— Work order —
Produce a word-for-word copy of the lines from the one that contains "Trykflasker fjernes ved" to the final line of the data below, with all pictures dropped.

*** Opening Data to use ***

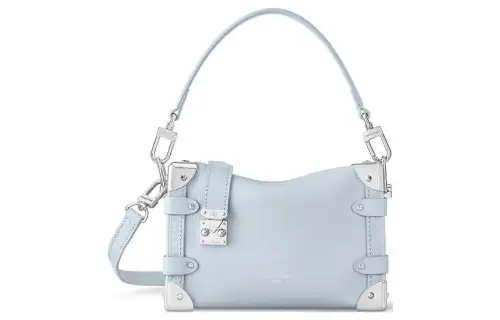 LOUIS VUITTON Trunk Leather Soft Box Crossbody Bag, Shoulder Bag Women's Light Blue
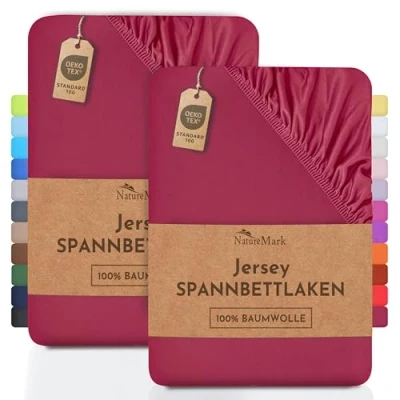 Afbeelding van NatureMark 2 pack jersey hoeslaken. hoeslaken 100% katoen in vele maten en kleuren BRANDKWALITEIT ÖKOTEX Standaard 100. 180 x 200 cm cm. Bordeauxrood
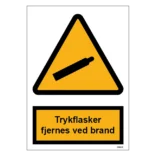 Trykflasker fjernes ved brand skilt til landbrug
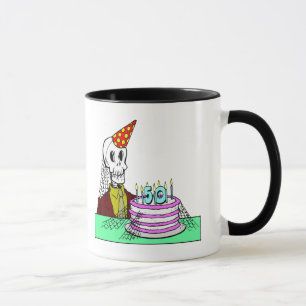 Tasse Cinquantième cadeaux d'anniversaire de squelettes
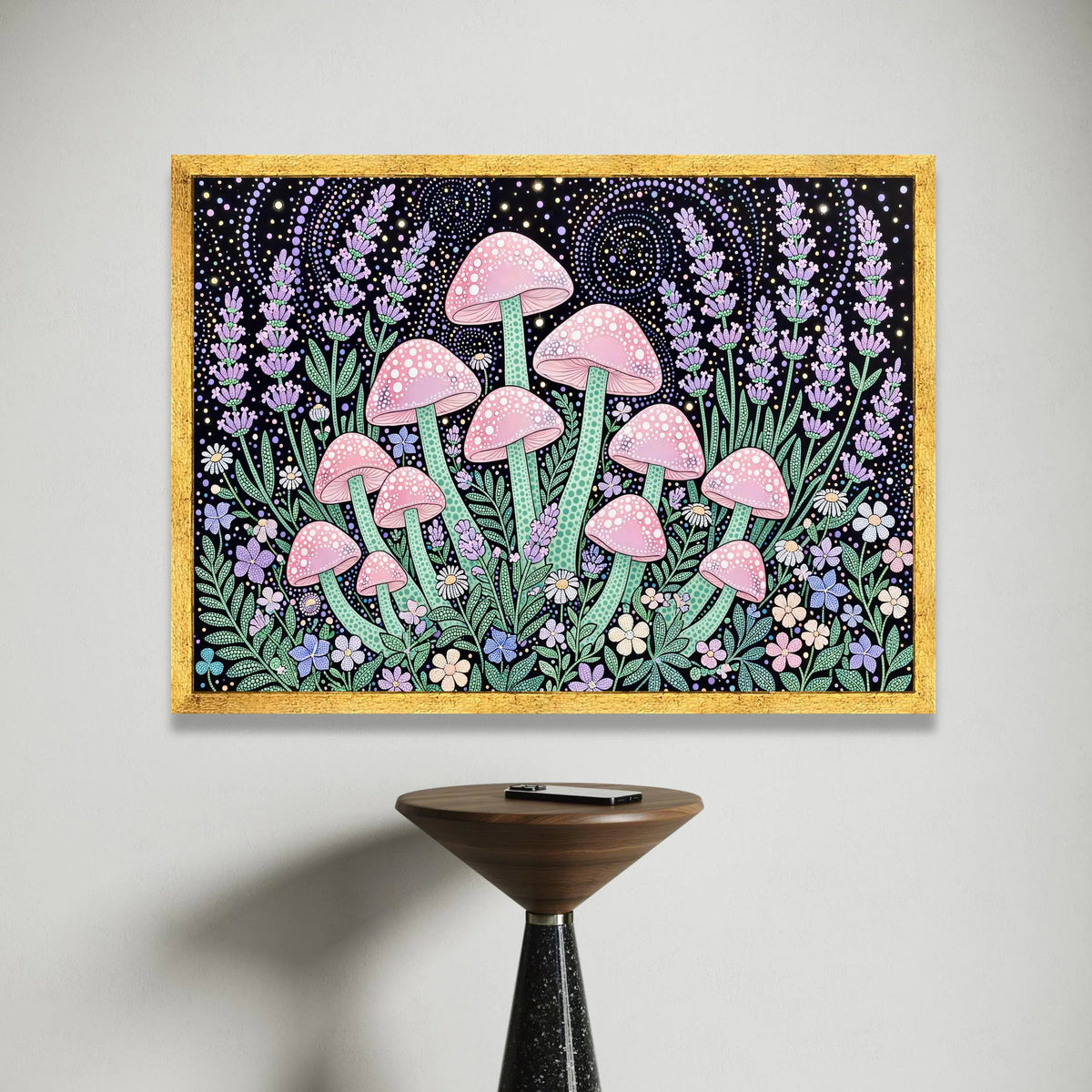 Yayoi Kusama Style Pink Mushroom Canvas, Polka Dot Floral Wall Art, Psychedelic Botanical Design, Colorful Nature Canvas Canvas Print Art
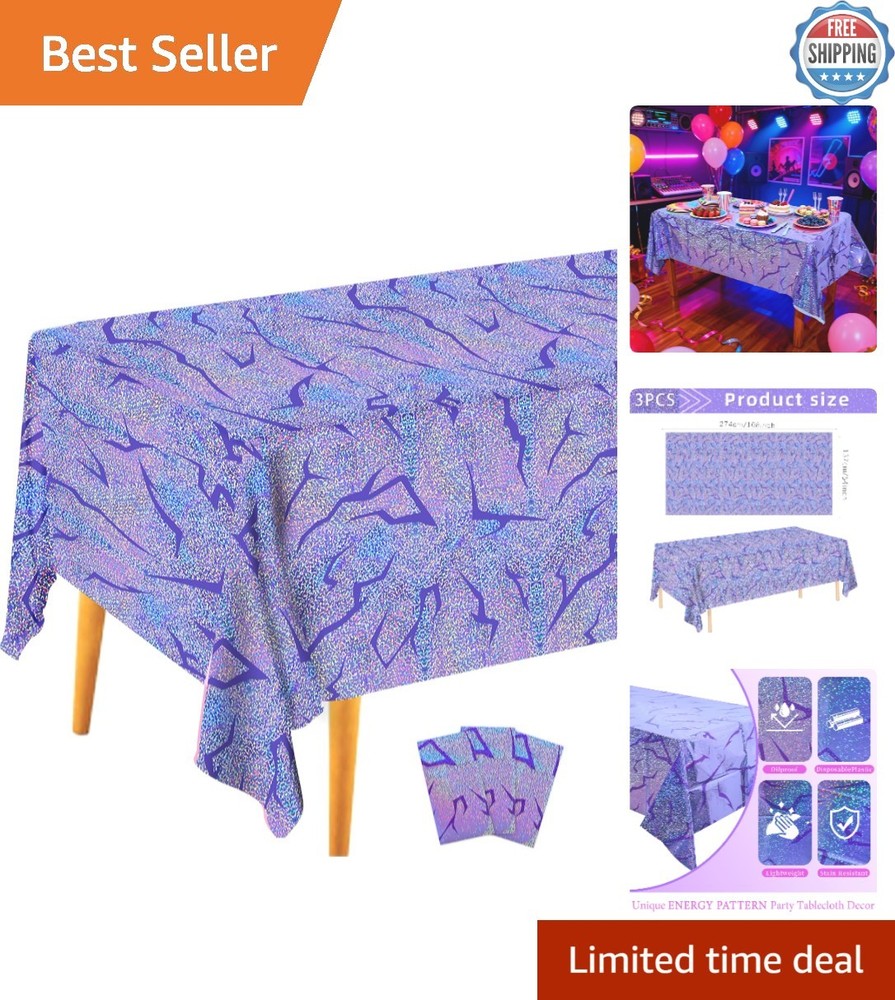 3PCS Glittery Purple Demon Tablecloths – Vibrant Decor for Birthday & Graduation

*** Closing Data to use ***

— Exercise response —
 Trykflasker fjernes ved brand skilt til landbrug
 Tasse Cinquantième cadeaux d'anniversaire de squelettes
 Yayoi Kusama Style Pink Mushroom Canvas, Polka Dot Floral Wall Art, Psychedelic Botanical Design, Colorful Nature Canvas Canvas Print Art
 3PCS Glittery Purple Demon Tablecloths – Vibrant Decor for Birthday & Graduation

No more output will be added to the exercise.